JOHN DILLINGER

JOHN DILLINGER

Amid all the tsurris about Michael Jackson’s death bubbles the question of how long his fame will endure. He will have done well, it seems, if the public fixation with him lasts as long as its interest in John Dillinger, an anti-social holdup man and murderer who was shot to death 75 years ago. Once Independence Day is out of the way, we can focus our attention on John Dillinger Day, an observance that commemorates his death, which occurred on July 22, 1934.

There are those, of course, who say that it wasn’t Dillinger who was gunned down outside a movie theater in Chicago, and I suppose we’ll have to live with those who will claim that Jackson didn’t die in Los Angeles last week but is living in Buenos Aires with Adolph Hitler, Emilia Earhart, and Elvis Presley.
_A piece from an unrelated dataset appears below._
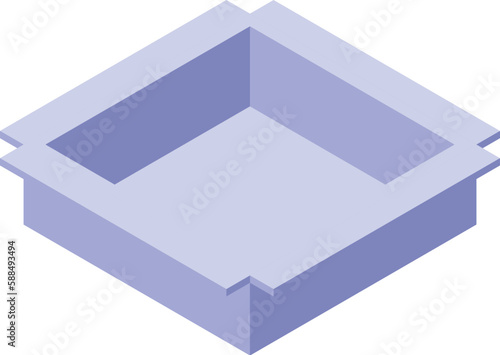 Metal pan icon isometric vector. Cake baking. Mold equipment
At last, a fourth for bridge.

The reviews in the Christian Science Monitor and the Washington Post are unenthusiastic about the movie “Public Enemies,” in which Johnny Depp portrays Dillinger. Dan Zak writes in the Post:

JOHNNY DEPP

JOHNNY DEPP

There’s no excitement in the bank-robbing, no thrill of the chase, no emotion over justice served or thwarted. Depp’s Dillinger is neither charming nor despicable, nor does he occupy that delicious gray area between the two. His spree unspools dispassionately, cold as a Colt .380.

Peter Rainer in the Monitor writes:

Mann’s hero-worshipy treatment of Dillinger is undercut by the film’s dreamtime existentialist aura. In reality, the working poor cheered Dillinger’s bank raids but in “Public Enemies” the Depression is just a prop, and so Dillinger’s populist hero status, what little we see of it, makes scant sense. (This is probably why we see so little of it.) Missing, as a result, is the knockabout tumult of a time when gangsters could ascend to the same stardom as the movie actors who played gangsters. Dillinger was, for a while, every bit as big as Jimmy Cagney. Mann pirouettes around the twin realities of the Depression and the star culture it engendered and offers instead a moody blues doominess. It’s a vacuum filling a vacuum.

So Depp becomes neither Clyde Barrow nor Robin Hood. Maybe, in his old age, he can play Bernie Madoff.